[[ Exercise data open ]]

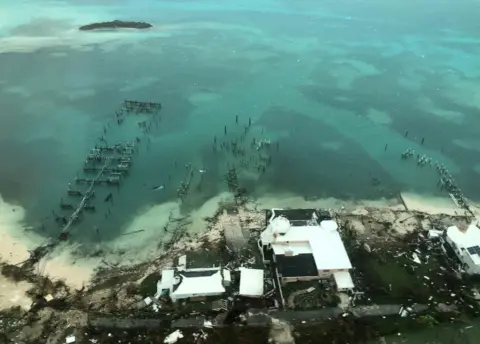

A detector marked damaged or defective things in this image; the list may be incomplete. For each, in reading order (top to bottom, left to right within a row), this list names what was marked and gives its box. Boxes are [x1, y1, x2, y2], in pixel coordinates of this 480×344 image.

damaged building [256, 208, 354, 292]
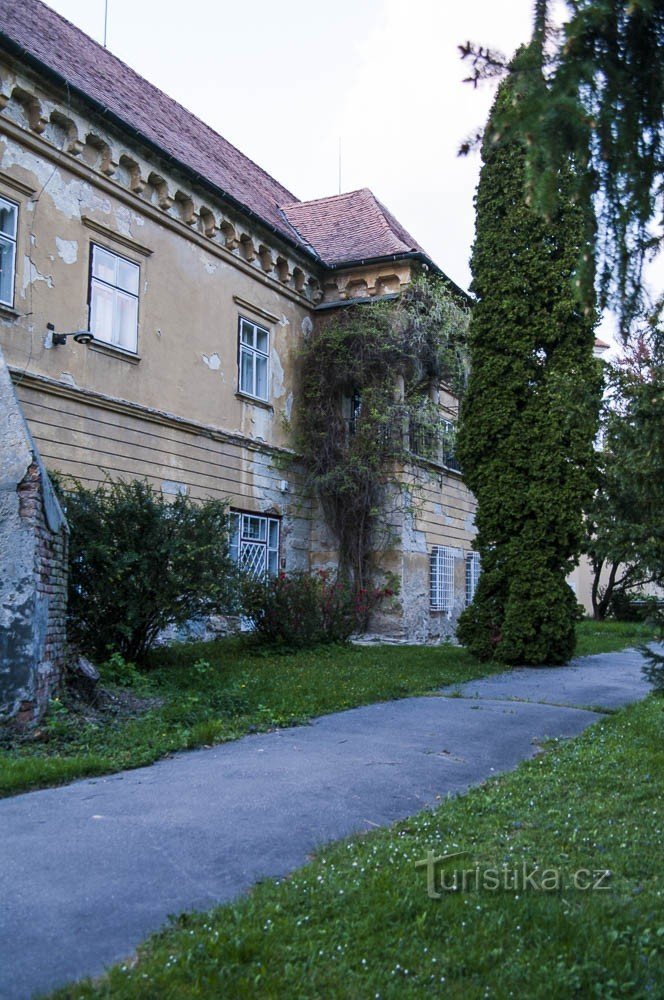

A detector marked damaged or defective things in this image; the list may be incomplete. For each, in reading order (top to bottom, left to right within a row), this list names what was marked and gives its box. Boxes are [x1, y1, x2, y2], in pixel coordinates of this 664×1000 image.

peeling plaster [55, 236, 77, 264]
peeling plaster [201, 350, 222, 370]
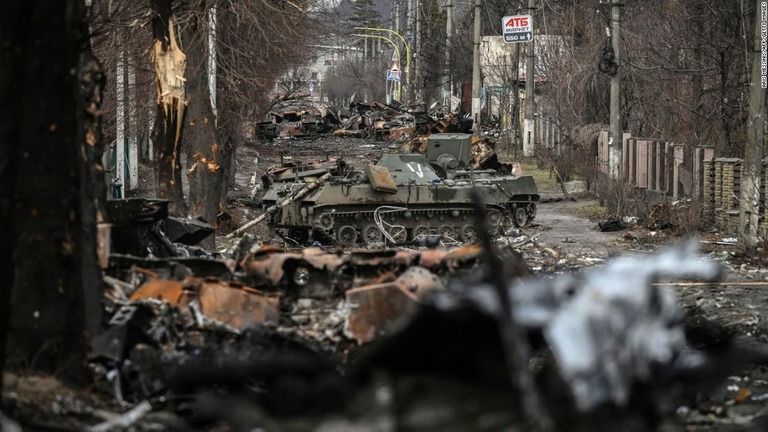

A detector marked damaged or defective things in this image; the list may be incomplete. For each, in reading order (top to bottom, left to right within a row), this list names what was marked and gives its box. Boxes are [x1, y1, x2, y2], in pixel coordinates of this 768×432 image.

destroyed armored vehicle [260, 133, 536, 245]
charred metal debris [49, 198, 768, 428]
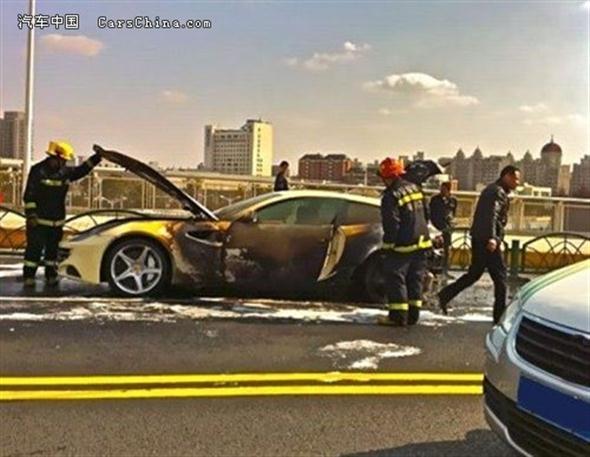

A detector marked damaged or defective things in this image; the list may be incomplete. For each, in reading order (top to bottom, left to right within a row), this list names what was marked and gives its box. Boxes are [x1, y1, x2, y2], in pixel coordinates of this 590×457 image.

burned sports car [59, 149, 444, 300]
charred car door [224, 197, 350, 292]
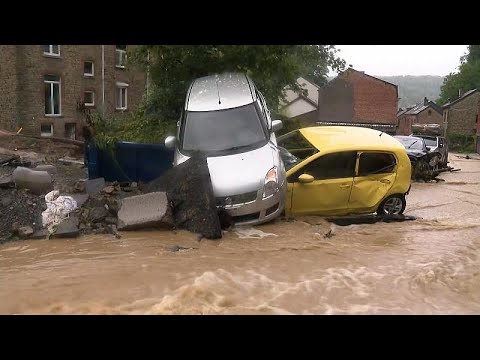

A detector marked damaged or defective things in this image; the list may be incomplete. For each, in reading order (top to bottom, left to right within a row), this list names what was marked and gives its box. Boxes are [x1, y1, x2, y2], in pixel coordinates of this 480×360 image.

[[ Exercise data closed ]]

What to work on:
Skip all pictures. Then give again, exactly, each line from the line holding "this 590×457 image." through the last line of the listing above, both ends included.

Response for this exercise:
A detector marked damaged or defective things in this image; the list may be incomplete. For each, in reading order (top to bottom, left to right within a row), this list names what was marked and gives its box. Boxes are [x1, y1, x2, y2], in pixel coordinates of this 590×457 image.

burned sports car [59, 149, 444, 300]
charred car door [224, 197, 350, 292]

A detector marked damaged or defective things in this image; the list may be incomplete. For each, in reading order (top to bottom, left to right within a row), this list names what was marked and gives its box. Boxes are [x1, y1, x2, y2], in pixel coordinates of this 480×360 image.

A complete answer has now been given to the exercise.